Look I read this about a month ago. Still trying to catch my breath. Someone should make this compulsory reading for coloured, black and Indian South Africans, especially the woke ones who don’t want to or don’t know how to talk about the social engineering that we glibly dismiss as colorism. It’s so much more than that.
Like, someone on Twitter was talking about people in Joburg are so slick about judging your whole life via a seemingly innocuous question about where you went to school. We also do that thing of asking where someone is from to (spatially) suss out their whole life story.
Now imagine a fictional town in Jim Crow society so invested in light skin that they strive toward genetically engineering their population to get lighter with every generation (uh, every SA town in history). Then imagine identical twins from that town, who have diametrically opposed experiences in and outside of that weird ass liminal racial space.
Please understand that twins really boggle my brain. I am equal parts in awe and afraid of their magical realism. This book is no fantasy but having the town and the twins as a premise felt like a double helix that really showed how colorism isn’t just interpersonal (a grandmother who wants to keep you out of the sun) or systemic (pretty fair girls landing pearly jobs much easier). It’s entangled in such intimate ways, like how we think about our bodies and who we choose to marry and why.

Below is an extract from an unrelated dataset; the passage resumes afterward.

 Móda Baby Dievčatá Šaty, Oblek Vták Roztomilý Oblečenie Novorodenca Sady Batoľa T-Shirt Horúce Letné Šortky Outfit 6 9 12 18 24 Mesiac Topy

It was also interesting to see white characters be pretty clueless in their ignorance of the nuance of all this race shit (especially now that I am in the heart of European darkness). It’s a relieving reminder in the midst of all this BLM allyship that there are things that are nearly impossible to understand unless you physically experience them. Thinking about performing whiteness (intentionally, through passing and unconsciously, through privilege) through this book is also a great opportunity to think about performances of blackness, wokeness.
Anyway, I could go on and on. The story is wild, the characters are full and the more existential questions about aspirational performing are really brave. It’s brilliant.
Death in Her Hands
Ottessa Moshfegh
"It was good to have a few secrets here and there. It kept one interested in herself."

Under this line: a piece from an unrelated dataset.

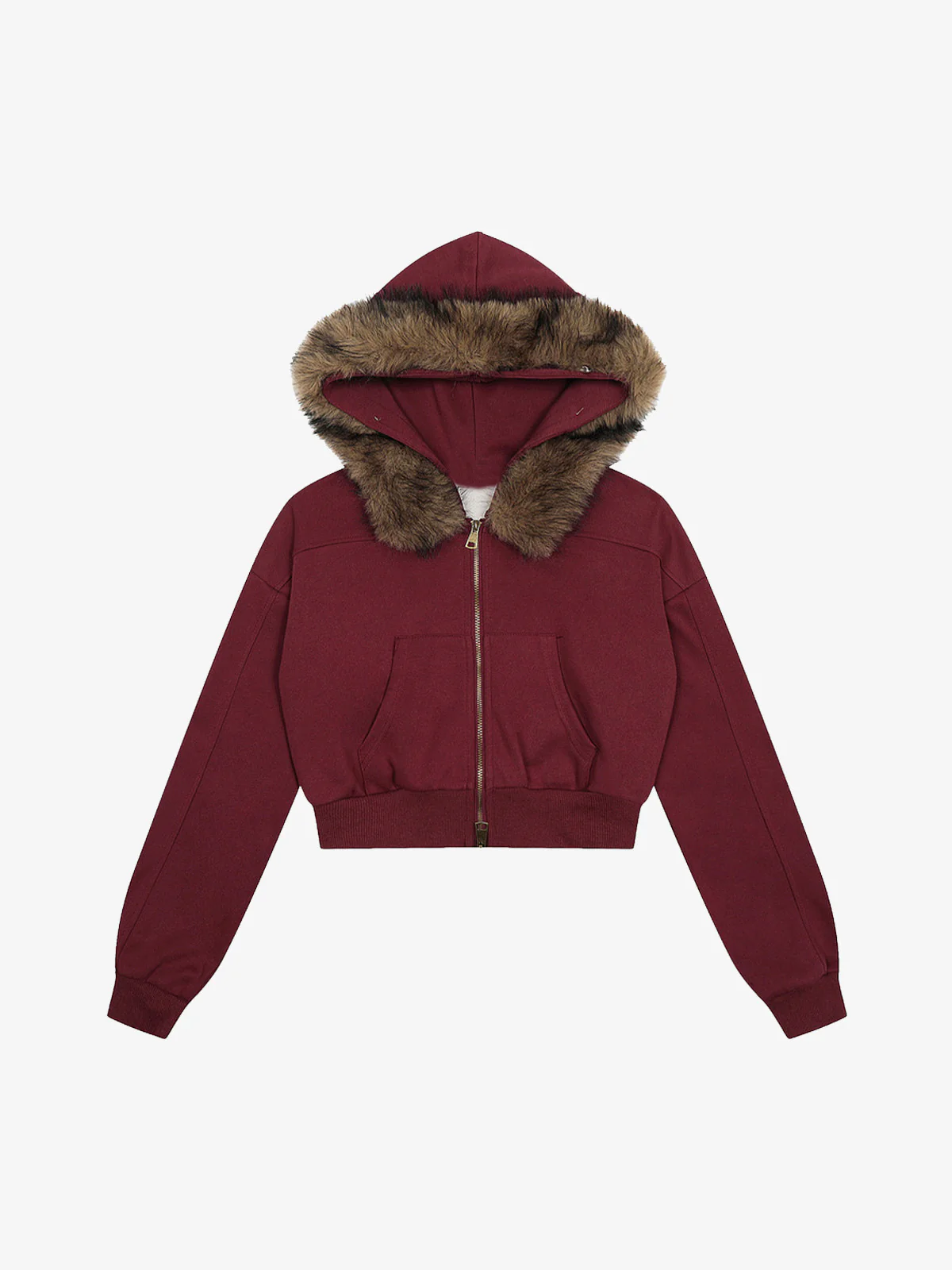 Retro Detachable Fur Collar Cropped Hooded Sweatshirt - Image 2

Yikes this was a weird one. I finished it a few weeks ago, but the experience has been rattling around in my chest, refusing to relax.
The story follows Vesta Gul, a 72-year-old widow who moves to a secluded cabin in the woods with her dog. On one of their morning walks, she stumbles upon a cryptic handwritten note and so unfolds a slow-build meta-mystery. As Vesta plays detective, piecing together scraps of stories, the reader does too, piecing together Vesta.
I’ve seen Moshfegh’s style described as a kick in the crotch, but there’s no pleasure in that metaphor. The best thing about her writing is how funny it is, despite (because of?) the pain of the kick. Keeping company with her protagonists is what’s weird, and fun. They’re always female, mordant, hyper-alienated.
Moshfegh describes this one as “a loneliness story” but it’s more like a deep dive into what happens without human contact, the ways in which an ornate inner-life can take shape and flourish dangerously, subsuming reality. But there’s so much romance to the idea of an sprightly old woman taking control of herself and her life by opting out of (disempowering) community!
Moshfegh’s magic is keeping us intrigued in the claustrophobia of Vesta’s mind, rooting for her as she reclaims her past by staring solitude in the eye without looking away, even when it’s scary.
Breasts and Eggs
Mieko Kawakami
“If you want a kid, there’s no need to get wrapped up in a man’s desire. There’s no need to involve women’s desire either.”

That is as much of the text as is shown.